# [MATERIAL SHOWN]
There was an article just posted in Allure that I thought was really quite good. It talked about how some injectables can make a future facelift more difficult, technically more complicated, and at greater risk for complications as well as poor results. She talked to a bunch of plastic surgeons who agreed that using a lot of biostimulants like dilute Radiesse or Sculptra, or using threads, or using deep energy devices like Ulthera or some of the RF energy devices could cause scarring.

--

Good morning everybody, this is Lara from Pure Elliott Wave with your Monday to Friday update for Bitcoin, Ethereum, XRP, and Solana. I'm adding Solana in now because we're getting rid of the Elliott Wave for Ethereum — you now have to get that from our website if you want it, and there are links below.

* * *

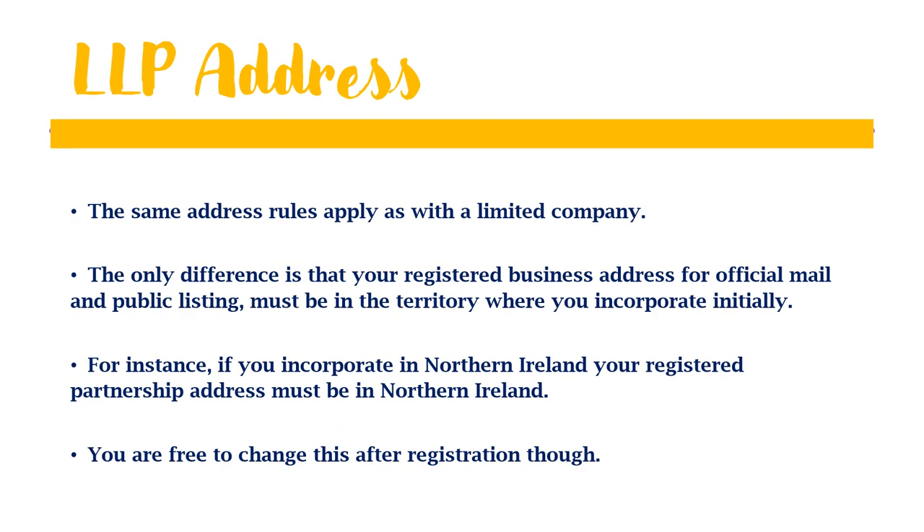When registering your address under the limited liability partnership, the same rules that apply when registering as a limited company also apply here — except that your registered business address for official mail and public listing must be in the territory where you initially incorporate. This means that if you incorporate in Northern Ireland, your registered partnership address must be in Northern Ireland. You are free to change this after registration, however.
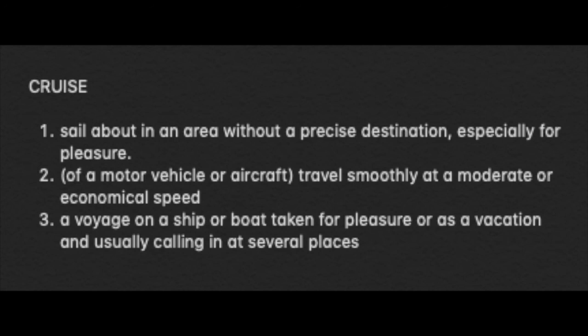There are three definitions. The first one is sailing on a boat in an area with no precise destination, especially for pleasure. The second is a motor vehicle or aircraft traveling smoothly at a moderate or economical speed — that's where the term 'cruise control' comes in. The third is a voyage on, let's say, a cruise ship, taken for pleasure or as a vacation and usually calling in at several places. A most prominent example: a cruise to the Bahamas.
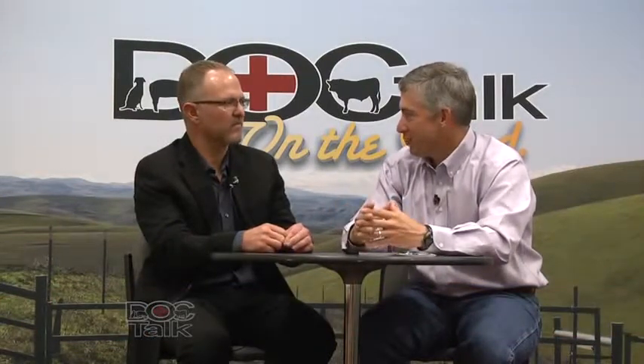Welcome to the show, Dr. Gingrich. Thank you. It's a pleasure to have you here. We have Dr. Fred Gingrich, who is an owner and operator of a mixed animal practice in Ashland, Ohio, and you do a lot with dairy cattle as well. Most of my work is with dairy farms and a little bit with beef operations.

# [EXERCISE BRIEF]
Repeat exactly the stretch of the listing above that starts with the line holding "There are three" and finishes with the line holding "Welcome to the", both included. Skip every picture.

# [WRITTEN RESPONSE]
There are three definitions. The first one is sailing on a boat in an area with no precise destination, especially for pleasure. The second is a motor vehicle or aircraft traveling smoothly at a moderate or economical speed — that's where the term 'cruise control' comes in. The third is a voyage on, let's say, a cruise ship, taken for pleasure or as a vacation and usually calling in at several places. A most prominent example: a cruise to the Bahamas.
Welcome to the show, Dr. Gingrich. Thank you. It's a pleasure to have you here. We have Dr. Fred Gingrich, who is an owner and operator of a mixed animal practice in Ashland, Ohio, and you do a lot with dairy cattle as well. Most of my work is with dairy farms and a little bit with beef operations.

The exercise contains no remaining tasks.